Auction Catalogue
The mounted group of seven miniature dress medals worn by Colonel H. S. Moberly, C.B., Indian Army, the gallant C.O. of the 66th Punjabis during the siege of Kut, ‘who made it his nightly practice to go to the listening point nearest the Turkish lines and from it shout at the enemy curses and insults of the most lurid kind’
The Most Honourable Order of the Bath, Military, gold and enamel; China 1900, no clasp; 1914-15 Star; British War and Victory Medals, M.I.D. oak leaf; India General Service 1908-35, 1 clasp, Waziristan 1919-21; Delhi Durbar 1911, mounted as worn, the second somewhat polished, otherwise generally very fine (7) £240-280
Hugh Stephenson Moberly was born in August 1873, the fifth and youngest son of Colonel Charles Moberly, late Indian Army, and was educated at Malvern College and the R.M.C. Sandhurst. Commissioned as a 2nd Lieutenant in January 1895, he joined the Indian Army in the following year and was serving as a Double Company Commander in the 16th Madras Infantry at the time of the Boxer Rebellion in 1900. Advanced to Captain in August 1902, he removed to the 66th Punjabis in September 1909 and was serving in the rank of Major on the outbreak of hostilities in August 1914.

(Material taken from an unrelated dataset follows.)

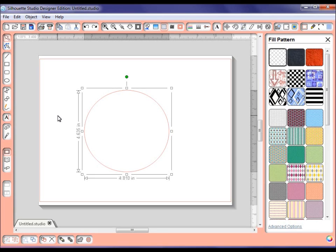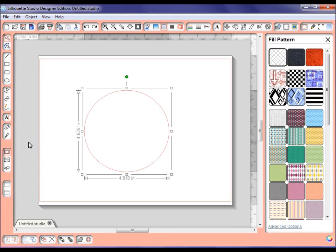If you have digital paper—and a lot of us who have been scrapbooking or making cards for a long time do—you can fill your shapes with your digital papers.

Ordered to join General Townshend’s force in Mesopotamia, the 66th Punjabis became besieged at Kut, where Moberly, who had been advanced to Lieutenant-Colonel in June 1916, commanded the Regiment - and the respect of his men, who greatly admired his taunting of the enemy, as recounted by Russell Braddon’s The Siege:
‘The Colonel commanding the 66th Punjabis made it his nightly practice to go to the listening point nearest the Turkish lines and from it shout at the enemy curses and insults of the most lurid kind.’
Almost certainly taken P.O.W. at the fall of Kut, Moberly remained in the Indian Army after the War, gaining advancement to Colonel in April 1920 and the C.B. in 1926. He was placed on the Retired List in May 1928 and settled in South Africa, where he died in September 1947; sold with full research and an original page taken from the recipient’s photograph album, comprising six images, including of him on horseback.